Для реконструкции происхождения языка этот завершающий момент антропогенеза важен тем, что вместе с первым социально-экономическим разделением единого и, возможно, единственного племени человеков рождаются две ветви. Степная ветвь будущих скотоводов имеет теперь возможность форсировать широкие водные преграды и даже небольшие пустыни, а оставшаяся прибрежная ветвь будущих земледельцев может в силу сакральных табу двигаться только вдоль речных и морских берегов к дельтам великих рек. Соответственно, каждая из ветвей порождает сначала два разных языка, а затем их становится все больше.

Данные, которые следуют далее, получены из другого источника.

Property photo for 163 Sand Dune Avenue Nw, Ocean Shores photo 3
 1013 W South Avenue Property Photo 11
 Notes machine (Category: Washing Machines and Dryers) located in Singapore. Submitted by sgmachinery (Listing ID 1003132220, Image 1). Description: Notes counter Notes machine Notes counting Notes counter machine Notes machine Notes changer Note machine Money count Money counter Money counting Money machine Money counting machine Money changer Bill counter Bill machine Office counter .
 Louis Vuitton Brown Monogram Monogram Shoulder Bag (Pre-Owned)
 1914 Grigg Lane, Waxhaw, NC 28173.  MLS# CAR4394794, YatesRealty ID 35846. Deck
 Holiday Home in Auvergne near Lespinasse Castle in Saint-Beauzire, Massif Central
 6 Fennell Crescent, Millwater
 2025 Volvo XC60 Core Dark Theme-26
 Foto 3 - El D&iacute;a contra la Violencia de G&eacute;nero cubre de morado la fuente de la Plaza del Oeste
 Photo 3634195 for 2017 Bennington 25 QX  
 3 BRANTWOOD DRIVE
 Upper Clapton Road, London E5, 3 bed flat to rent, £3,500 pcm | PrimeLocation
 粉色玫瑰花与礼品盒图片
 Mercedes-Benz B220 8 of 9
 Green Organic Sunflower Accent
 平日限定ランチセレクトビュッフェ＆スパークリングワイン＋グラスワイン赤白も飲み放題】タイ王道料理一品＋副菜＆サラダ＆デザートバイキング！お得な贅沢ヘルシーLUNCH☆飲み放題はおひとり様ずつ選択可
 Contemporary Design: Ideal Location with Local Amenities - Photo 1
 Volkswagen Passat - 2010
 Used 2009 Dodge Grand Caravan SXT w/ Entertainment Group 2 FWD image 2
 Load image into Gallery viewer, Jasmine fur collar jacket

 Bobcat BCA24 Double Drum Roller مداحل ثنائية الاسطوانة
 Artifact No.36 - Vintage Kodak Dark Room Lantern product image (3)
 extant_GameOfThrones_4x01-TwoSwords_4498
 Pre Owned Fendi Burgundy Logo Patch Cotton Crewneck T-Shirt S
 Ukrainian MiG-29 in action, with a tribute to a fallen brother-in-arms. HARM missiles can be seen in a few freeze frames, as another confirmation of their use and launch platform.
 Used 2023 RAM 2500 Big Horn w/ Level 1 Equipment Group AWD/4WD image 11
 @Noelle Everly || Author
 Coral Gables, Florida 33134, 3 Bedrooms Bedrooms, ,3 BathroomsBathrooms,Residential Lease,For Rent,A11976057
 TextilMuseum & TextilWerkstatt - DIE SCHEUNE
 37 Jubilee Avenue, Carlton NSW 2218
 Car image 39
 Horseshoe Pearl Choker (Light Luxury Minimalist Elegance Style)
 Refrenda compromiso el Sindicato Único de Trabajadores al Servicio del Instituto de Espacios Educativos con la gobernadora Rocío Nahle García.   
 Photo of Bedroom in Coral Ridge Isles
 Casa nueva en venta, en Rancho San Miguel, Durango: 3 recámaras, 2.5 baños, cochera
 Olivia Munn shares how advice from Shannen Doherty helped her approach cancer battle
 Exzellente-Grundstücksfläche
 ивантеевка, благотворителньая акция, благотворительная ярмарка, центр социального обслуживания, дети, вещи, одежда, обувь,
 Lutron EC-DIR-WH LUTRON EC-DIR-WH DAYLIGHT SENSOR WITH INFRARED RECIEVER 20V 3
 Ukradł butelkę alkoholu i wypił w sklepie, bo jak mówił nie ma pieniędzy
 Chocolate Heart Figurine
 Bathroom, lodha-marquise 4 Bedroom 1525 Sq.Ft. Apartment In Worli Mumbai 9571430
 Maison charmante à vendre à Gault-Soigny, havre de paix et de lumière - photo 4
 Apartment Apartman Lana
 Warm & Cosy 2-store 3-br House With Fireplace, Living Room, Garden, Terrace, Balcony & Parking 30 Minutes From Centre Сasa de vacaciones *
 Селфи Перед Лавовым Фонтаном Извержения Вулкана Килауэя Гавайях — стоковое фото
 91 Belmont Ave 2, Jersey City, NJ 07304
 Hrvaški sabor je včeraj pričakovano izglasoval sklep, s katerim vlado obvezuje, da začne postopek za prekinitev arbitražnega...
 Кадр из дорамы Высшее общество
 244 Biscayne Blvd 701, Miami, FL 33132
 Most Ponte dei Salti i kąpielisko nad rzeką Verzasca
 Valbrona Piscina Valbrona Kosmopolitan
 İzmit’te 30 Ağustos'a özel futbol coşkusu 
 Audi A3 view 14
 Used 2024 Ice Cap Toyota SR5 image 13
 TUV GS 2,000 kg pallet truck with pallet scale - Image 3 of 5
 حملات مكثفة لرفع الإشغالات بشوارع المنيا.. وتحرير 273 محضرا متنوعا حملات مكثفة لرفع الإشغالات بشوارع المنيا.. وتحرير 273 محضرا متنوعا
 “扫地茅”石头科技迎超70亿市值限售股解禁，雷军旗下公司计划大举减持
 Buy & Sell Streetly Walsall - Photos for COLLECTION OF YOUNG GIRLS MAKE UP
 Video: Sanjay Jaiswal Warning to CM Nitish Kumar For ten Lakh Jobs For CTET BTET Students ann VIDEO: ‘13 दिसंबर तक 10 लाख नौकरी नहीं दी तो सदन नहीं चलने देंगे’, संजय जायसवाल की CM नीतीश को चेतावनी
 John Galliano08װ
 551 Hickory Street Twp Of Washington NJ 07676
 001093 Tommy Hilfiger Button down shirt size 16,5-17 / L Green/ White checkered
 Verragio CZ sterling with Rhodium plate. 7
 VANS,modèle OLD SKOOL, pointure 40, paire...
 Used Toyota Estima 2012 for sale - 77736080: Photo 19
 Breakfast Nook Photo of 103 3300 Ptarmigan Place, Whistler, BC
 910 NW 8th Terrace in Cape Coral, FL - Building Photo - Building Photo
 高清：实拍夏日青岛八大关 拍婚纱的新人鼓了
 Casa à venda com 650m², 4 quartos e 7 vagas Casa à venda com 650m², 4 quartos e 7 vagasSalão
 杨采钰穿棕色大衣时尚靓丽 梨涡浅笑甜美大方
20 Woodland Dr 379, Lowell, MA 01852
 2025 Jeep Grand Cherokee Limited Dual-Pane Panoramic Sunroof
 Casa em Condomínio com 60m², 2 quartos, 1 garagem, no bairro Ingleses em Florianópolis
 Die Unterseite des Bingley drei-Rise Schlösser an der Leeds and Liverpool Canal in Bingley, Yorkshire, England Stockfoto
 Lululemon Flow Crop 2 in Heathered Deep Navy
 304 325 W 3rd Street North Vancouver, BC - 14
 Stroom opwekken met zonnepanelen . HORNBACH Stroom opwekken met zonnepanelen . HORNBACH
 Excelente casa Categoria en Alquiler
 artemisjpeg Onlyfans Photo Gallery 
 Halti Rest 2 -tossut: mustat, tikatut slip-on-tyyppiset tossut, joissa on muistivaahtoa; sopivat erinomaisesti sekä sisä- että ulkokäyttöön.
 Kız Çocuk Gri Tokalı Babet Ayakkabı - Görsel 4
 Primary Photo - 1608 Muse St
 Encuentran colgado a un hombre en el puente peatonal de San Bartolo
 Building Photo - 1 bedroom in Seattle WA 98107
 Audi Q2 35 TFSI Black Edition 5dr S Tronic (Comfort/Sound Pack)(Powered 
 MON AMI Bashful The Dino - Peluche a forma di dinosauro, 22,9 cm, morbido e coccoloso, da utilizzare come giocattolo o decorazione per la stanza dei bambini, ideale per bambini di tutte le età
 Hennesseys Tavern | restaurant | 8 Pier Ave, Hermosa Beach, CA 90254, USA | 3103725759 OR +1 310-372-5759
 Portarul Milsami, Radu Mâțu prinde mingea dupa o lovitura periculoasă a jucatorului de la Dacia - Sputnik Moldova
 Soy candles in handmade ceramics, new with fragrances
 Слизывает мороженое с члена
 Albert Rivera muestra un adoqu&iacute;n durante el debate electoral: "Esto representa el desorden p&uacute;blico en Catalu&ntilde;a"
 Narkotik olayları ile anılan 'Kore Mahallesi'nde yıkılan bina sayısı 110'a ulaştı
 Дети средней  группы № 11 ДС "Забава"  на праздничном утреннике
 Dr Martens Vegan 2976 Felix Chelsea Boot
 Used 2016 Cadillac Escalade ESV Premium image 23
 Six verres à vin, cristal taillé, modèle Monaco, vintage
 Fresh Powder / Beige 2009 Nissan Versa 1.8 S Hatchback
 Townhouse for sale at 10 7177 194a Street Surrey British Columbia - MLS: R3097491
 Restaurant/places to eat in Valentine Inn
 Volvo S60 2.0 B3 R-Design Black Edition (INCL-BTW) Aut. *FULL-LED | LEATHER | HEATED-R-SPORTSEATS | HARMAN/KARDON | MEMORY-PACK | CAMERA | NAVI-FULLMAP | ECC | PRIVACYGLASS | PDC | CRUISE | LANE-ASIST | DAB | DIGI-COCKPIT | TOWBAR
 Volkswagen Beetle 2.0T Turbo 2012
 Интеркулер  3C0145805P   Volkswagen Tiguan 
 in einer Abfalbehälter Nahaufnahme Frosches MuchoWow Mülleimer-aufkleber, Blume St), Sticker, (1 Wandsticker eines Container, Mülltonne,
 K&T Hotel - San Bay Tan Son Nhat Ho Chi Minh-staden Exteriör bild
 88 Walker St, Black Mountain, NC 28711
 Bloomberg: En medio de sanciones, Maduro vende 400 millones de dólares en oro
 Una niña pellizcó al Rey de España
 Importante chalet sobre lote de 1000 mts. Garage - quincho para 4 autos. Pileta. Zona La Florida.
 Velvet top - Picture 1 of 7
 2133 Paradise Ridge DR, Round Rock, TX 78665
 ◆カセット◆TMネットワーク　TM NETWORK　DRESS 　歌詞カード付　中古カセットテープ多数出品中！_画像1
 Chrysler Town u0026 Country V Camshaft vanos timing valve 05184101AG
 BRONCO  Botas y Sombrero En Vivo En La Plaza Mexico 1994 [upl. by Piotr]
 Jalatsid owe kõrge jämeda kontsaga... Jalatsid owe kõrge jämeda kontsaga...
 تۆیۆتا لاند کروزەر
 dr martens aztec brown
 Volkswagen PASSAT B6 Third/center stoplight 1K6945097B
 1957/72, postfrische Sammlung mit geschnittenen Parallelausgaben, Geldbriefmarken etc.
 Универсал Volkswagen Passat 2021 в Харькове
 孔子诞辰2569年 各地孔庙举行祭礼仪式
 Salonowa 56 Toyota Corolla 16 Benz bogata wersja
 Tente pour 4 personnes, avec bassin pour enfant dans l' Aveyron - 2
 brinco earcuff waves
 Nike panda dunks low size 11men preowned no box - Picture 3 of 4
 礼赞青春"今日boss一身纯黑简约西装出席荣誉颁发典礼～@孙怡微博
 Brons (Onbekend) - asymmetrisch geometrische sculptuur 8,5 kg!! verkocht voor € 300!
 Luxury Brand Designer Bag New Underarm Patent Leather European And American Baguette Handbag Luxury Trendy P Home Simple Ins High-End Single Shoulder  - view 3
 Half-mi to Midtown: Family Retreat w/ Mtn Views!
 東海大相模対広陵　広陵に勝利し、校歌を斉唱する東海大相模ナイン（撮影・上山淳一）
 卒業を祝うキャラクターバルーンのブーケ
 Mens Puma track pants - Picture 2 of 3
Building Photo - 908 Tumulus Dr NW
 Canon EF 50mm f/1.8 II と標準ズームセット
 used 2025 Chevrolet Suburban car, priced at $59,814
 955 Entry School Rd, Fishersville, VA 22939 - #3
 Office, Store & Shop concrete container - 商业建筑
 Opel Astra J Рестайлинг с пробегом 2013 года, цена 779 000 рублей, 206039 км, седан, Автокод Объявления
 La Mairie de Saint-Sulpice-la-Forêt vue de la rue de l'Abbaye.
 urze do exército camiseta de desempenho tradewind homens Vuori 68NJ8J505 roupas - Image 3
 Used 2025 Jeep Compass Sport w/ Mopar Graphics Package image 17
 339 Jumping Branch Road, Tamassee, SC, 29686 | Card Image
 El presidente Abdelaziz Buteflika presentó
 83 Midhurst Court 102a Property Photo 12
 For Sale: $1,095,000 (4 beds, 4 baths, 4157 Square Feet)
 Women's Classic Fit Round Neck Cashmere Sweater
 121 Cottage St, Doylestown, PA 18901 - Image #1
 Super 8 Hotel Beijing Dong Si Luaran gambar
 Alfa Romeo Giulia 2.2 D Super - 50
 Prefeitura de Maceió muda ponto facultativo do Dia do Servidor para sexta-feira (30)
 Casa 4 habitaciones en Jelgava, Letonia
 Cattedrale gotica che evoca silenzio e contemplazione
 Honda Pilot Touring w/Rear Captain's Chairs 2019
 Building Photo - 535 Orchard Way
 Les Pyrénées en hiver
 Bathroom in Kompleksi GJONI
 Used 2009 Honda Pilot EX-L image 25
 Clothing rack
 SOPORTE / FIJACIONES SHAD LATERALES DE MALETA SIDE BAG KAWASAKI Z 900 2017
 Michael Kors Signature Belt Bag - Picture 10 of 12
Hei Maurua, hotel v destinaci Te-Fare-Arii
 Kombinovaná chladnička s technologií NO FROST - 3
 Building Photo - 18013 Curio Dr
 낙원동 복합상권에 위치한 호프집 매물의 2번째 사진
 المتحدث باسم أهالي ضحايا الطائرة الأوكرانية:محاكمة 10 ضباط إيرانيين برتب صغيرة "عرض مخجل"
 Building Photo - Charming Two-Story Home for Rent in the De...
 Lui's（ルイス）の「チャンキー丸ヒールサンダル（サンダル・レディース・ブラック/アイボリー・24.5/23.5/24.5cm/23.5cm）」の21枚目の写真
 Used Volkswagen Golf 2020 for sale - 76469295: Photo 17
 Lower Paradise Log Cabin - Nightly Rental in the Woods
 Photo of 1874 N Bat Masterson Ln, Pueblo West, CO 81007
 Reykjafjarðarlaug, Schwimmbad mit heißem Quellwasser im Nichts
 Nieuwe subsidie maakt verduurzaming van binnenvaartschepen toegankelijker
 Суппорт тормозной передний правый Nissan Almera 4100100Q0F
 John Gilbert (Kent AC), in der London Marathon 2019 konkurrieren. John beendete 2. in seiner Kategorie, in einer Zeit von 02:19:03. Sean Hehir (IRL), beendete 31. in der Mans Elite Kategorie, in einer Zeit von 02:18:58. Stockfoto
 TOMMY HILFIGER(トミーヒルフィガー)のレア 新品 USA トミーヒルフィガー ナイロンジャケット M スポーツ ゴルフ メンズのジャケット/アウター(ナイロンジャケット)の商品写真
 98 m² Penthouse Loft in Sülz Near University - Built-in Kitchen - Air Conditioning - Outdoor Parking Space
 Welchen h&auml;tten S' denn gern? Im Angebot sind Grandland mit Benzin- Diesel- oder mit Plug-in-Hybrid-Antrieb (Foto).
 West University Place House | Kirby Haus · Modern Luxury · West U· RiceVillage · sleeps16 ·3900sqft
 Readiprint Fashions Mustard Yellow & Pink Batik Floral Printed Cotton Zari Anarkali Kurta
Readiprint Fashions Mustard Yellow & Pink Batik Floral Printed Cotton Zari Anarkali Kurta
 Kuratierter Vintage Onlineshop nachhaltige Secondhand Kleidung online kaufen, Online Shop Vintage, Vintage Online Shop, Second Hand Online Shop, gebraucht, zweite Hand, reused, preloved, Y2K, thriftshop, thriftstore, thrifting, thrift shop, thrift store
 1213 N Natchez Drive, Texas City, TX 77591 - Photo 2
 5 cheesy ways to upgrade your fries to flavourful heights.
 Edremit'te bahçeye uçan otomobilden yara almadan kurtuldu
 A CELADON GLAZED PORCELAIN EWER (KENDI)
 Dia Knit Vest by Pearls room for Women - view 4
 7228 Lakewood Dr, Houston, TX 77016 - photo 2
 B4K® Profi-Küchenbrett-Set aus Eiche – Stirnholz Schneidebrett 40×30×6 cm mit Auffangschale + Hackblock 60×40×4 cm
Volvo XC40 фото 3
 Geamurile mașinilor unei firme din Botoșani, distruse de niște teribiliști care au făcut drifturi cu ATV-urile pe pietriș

Итак, из всех общих условий и признаков глоттогенеза нам осталось разъяснить лишь еще одну аналогию, получившую не очень приличествующее название «язык-паразит». Однако эта не столь уж большая загадка требует для своего разъяснения выхода на уровень выявления и критики мировоззрения современной гуманитарной науки, которая не видит за деревьями «генов» и «нейронов» всей полноты картины. Поэтому придется посвятить этой теме еще одну, заключительную главу.
Близорукая мощь редукционизма
Как объяснить очень даже впечатляющую аналогию развития языка совместно с мозгом и развития в симбиозе двух организмов – хозяина и паразита?
Проведём умозрительный опыт. Представьте себе, что где-то над нами в параллельном «тёмном» для нас Космосе существует цивилизация, которая может наблюдать за нами с помощью очень ограниченных средств типа улавливания нейтрино, которые из-за этого на чуть-чуть опережают скорость света. (Внимание! Это художественная условность, а не очередная рабочая гипотеза. :)
Поскольку средства наблюдения весьма ограничены, то исследователи видят наш мир хоть и насквозь, но в виде фотографий со многими слоями выдержки. Так что косные неподвижные элементы на изображениях проявляются, а живые движущиеся практически нет – разве что в виде легкого облачка на месте траекторий.
В этом случае исследователи будут считать, что города, мосты, здания, дороги, машины, мебель в домах рождаются в ходе какого-то процесса, связанного с набором производственных «генов» – станков, машин, объединенных в цеха и заводы. С помощью тонких экспериментов – временно заблокировав один из «генов», например, затопив заводы в Таиланде, производящие винчестеры, исследователи убедятся, что одна из линий производственного метаболизма заглохла – стали хуже размножаться компьютеры и так далее. Изъяв из обращения другой «ген», они выяснят для себя, что этот цех или завод участвует в производстве бетонных панелей для домов. И тому подобное.